Background: Recent investigation suggests that cyclooxygenase-2 plays an important role in colorectal carcinogenesis. Transforming growth factor- betal (TGF-β1) is one of the most potent stimulators of cyclooxygenase-2 expression. A key step in intestinal tumorigenesis involves alteration of the normal cellular response to TGF-β1. We have hypothesized that overexpression of cyclooxygenase-2 alters intestinal epithelial response to TGF-β1. Methods: RIE-1 cells were stably transfected with rat cyclooxygenase-2 complementary DNA in either the sense (RIE-S) or antisense (RIE-AS) orientation. Tumor cell invasion was assessed with a modified Boyden collagen type I invasion assay in the presence of TGF-β1, antibody to urokinase plasminogen activator (uPA), or the selective cyclooxygenase-2 inhibitor SC- 58125. Expression of uPA, uPA receptor, and plasminogen activator inhibitor- 1 were determined by Western blot and enzyme-linked immunosorbent assay.
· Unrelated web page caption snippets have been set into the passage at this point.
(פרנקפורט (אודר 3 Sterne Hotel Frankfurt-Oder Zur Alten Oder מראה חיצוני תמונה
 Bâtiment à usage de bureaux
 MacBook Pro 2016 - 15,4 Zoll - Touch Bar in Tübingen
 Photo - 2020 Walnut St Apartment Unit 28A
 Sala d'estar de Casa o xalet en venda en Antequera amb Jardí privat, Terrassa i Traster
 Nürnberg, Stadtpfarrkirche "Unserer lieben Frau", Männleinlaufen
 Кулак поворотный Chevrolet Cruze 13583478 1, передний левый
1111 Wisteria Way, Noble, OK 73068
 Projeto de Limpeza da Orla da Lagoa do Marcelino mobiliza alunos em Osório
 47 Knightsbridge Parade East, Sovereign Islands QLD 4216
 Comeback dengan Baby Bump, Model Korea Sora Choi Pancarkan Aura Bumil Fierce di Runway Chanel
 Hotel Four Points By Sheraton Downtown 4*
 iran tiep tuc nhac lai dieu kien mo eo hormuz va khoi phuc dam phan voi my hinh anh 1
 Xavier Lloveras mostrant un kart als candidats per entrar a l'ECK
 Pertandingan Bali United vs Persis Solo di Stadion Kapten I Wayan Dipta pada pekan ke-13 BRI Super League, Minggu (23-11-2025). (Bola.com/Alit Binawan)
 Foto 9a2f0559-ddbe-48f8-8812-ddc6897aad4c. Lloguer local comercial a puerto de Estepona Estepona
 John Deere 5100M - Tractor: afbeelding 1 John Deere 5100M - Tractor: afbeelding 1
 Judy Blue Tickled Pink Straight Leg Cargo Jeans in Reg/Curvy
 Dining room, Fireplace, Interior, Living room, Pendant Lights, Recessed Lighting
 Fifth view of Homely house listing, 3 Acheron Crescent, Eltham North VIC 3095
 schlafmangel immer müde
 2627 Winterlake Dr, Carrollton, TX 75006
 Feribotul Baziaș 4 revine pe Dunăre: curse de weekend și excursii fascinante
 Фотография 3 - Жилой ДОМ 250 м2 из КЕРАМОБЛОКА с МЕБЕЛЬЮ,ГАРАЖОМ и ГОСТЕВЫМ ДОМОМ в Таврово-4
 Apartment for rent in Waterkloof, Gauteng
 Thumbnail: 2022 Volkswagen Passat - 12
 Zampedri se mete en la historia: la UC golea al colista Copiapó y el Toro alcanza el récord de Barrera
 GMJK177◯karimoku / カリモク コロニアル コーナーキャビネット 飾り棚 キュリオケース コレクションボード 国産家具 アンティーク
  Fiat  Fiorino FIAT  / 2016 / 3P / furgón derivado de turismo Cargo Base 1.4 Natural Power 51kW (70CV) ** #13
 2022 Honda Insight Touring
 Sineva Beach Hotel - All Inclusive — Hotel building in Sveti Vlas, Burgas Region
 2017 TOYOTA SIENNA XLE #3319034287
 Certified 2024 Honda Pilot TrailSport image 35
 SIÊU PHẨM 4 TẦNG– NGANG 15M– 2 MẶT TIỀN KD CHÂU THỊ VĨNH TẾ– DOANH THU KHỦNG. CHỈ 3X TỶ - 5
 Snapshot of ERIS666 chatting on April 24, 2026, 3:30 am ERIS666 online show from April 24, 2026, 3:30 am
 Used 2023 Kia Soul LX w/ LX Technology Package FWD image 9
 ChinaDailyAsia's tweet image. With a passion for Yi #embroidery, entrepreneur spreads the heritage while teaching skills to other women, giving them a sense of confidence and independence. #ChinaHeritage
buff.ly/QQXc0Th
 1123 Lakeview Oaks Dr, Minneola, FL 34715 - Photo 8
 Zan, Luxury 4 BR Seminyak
Results: RIE-1 and RIE-AS did not invade although RIE-S cells were minimally invasive at baseline. TGF-β1 had no effect on RIE-1 or RIE-AS invasion; however, TGF-β1 significantly upregulated RIE-S cell invasion. All 3 RIE cell lines produce minimal uPA under basal conditions. TGF-β1 upregulated uPA production only in the RIE-S cells. Both antibody to uPA and SC-58125 reversed TGF-β-mediated RIE-S cell invasion. SC-58125 inhibited TGF-β- mediated RIE-S uPA production. Conclusions: These results demonstrate that overexpression of cyclooxygenase-2 alters intestinal epithelial response to TGF-β1, which may be a mechanism by which cyclooxygenase-2 promotes colon carcinogenesis.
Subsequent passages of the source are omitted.